François Grenet

Personal information
- Full name: François Jean Henri Grenet
- Date of birth: 8 March 1975 (age 50)
- Place of birth: Bordeaux, France
- Height: 1.80 m (5 ft 11 in)
- Position(s): Right-back, midfielder

Youth career
- –1989: Aviron Bayonnais
- 1989–1993: Bordeaux

Senior career*
- Years: Team / Apps / (Gls)
- 1993–2001: Bordeaux / 177 / (4)
- 2001–2003: Derby County / 18 / (0)
- 2002–2003: → Rennes (loan) / 10 / (0)
- 2003–2004: Rennes / 8 / (0)
- 2004–2006: Nice / 24 / (1)
- 2006: Bordeaux II / 0 / (0)
- Total:  / 237 / (5)

International career
- 1998: Basque Country / 1 / (0)

= François Grenet =

French footballer (born 1975)

François Jean Henri Grenet (born 8 March 1975) is a French former professional footballer who played mostly as a right-back and also as a midfielder.

==Club career==
===Bordeaux===
Grenet was born in Bordeaux, capital of the départment of Gironde. His father Jean Grenet and paternal grandfather Henri Grenet were both politicians who served as mayor of Bayonne; his maternal grandfather Jean Dauger was a French international in rugby union. He started his youth career as a forward at Aviron Bayonnais, moving to his hometown club FC Girondins de Bordeaux in 1989. He made his senior debut in a Ligue 1 match on 2 June 1993 against Lyon. His first Ligue 1 goal came against the same opponent in 1995 and later became a first team regular in 1995–96 season, when Bordeaux lost the 1996 UEFA Cup Final against Bayern Munich. He was also a runner-up twice at the Coupe de la Ligue in 1997 and 1998, losing the final matches against Strasbourg and Paris Saint-Germain, respectively.
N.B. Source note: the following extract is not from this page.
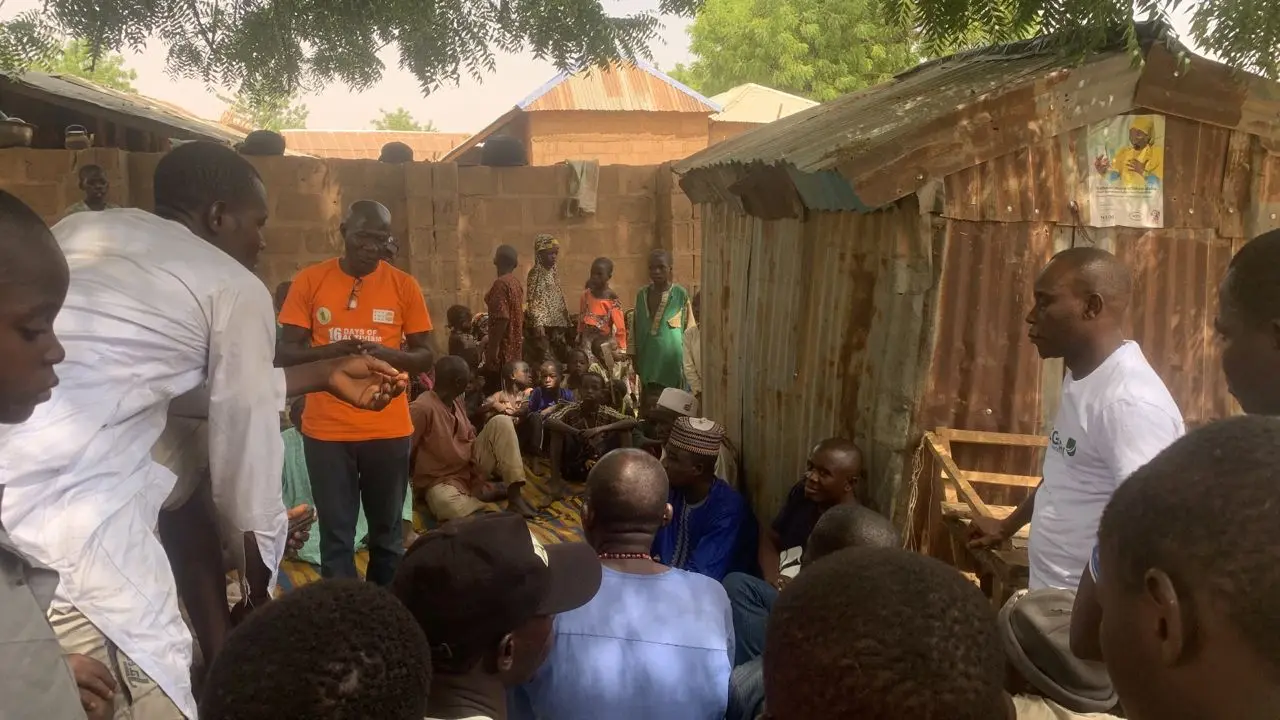 Go Green Nigeria Foundation staff speaking with community members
Both matches were decided in the penalty shootout, with Grenet entering in extra time and missing his penalty in 1997 and starting, but being replaced still in the first half in 1998.
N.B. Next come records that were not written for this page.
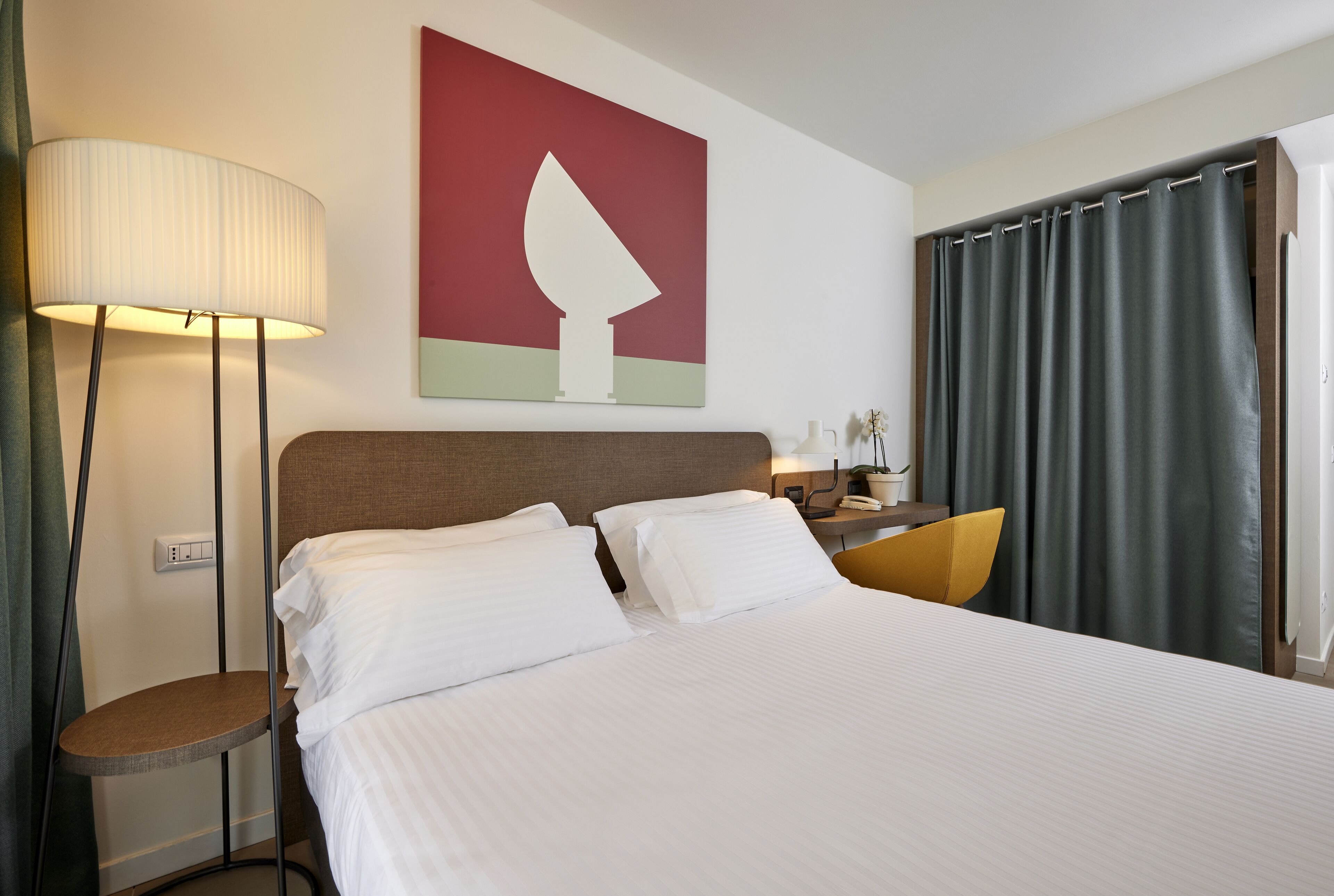 A hotel room with a large bed, a bedside table, a lamp, a chair, and a painting on the wall.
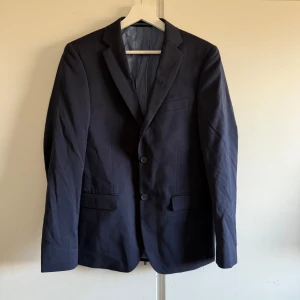 Mörkblå kostym från Dressmann - Säljer en stilren mörkblå kostym från Dressmann. En av knapparna på armen lite lös annars är den i bra skick. Kavajen är storlek 46R i slim fit och byxorna är 31/32 slim fit. En slips följer med på köpet också. 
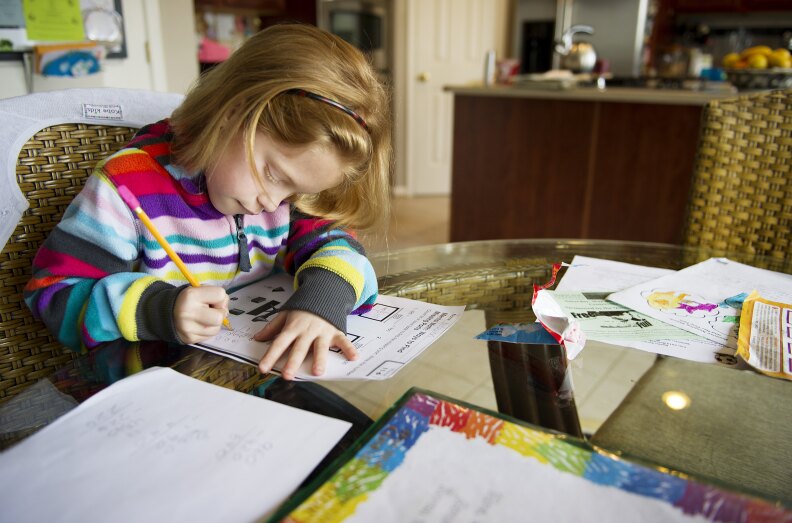Autumn Watson does her homework in her dining room in Centreville, Maryland after class at Centreville Elementary on April 30, 2013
He won his first and only title of his career in 1999, after Bordeaux won the 1998–99 French Division 1. During the summer of 2001, he announced his intention of leaving the club and was targeted by Middlesbrough and Sunderland with a price tag of £3.5m.

===Derby County===
After becoming an eventual substitute during the start of the 2001–02 season, Grenet was sold for Derby County, then at the bottom of the table, for a reported fee of £3 million, believing that a move to the Premier League could make him break into the France national football team and also being backed by manager Colin Todd who stated at the time that "the only reason he is not part of the senior French squad is the fact [sic] that Lilian Thuram is in that position". That fee made him the most expensive Derby County footballer at the time amongst other players, but later it was disclosed as £2.2 million by Derby County's chief executive Keith Loring.
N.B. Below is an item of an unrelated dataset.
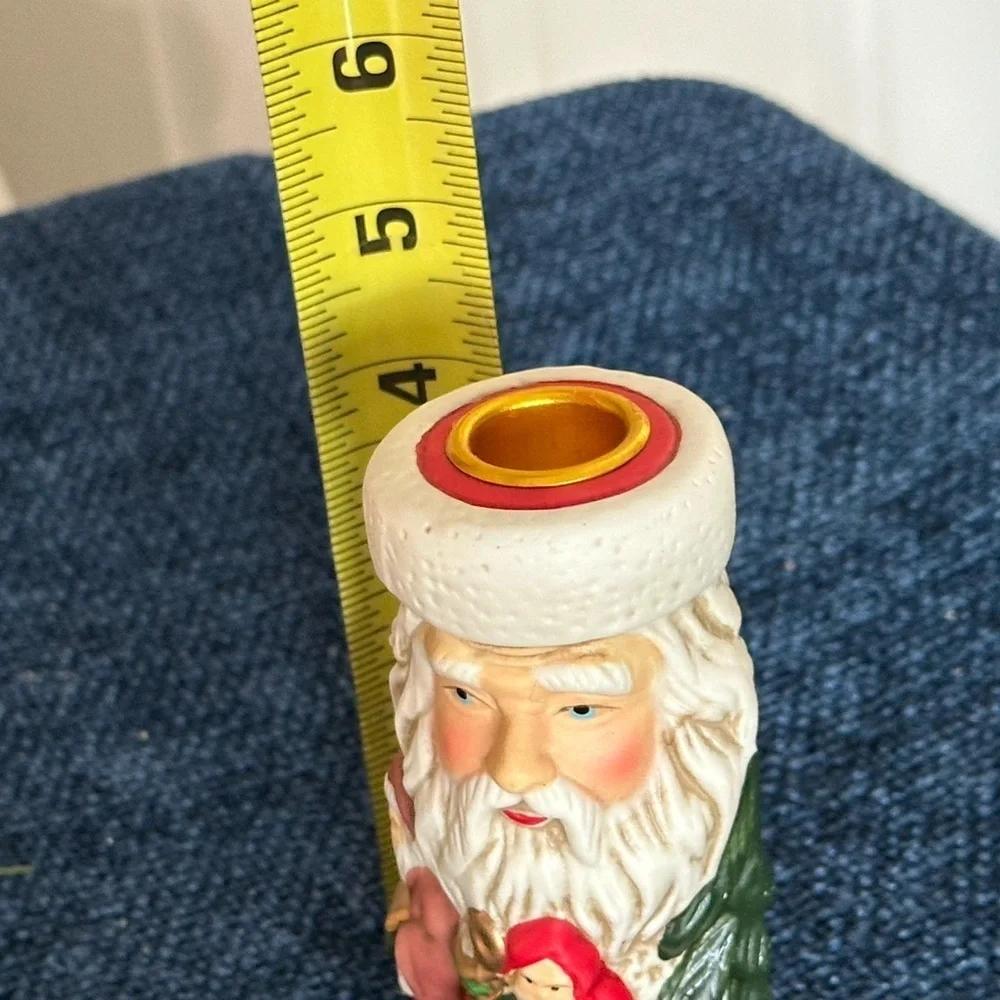 Cute Santa ceramic candleholder. Multiple smaller Santas surrounding the holder.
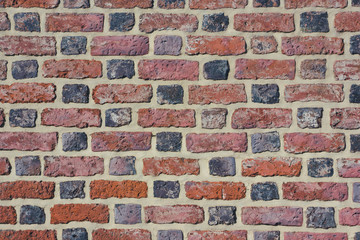 Red brick wall grunge texture.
He received much criticism during his tenure regarding aerial ineptitude, lack of positional awareness and inability to make a challenge without drawing a foul, also being regularly "embarrassed" by opponents. He played 15 times in a Premier League campaign that ended in relegation to the Football League First Division and three matches early in the 2002–03 season before being loaned to Rennes.

===Rennes===
Grenet first arrived at Rennes on loan with a view to a permanent deal when he reached 20 appearances. After only 10 Ligue 1 matches, a calf injury ruled out the possibility of reaching this mark and the clubs agreed the transfer in February 2003 for a total of £900,000. He started three more matches in the season, but had only five league appearances in the following season due to injuries.

===Nice===
In 2004, Grenet move on a free transfer to OGC Nice after negotiating the release of the last year of his contract. He featured as a starting right-back during his first season, but was limited to a stoppage injury time appearance against Strasbourg in the 2005–06 season. He was released from the club at the end of the season.

===Retirement===
Grenet had decided to end his career after leaving Nice, but trained with the Girondins de Bordeaux II side that played in the CFA in case the club needed his services. In December 2006, he refused an offer to join Chamois Niortais as he had his mind set on retiring from football.

==International career==
Grenet appeared for the Basque Country as a substitute in a friendly against Uruguay in 1998.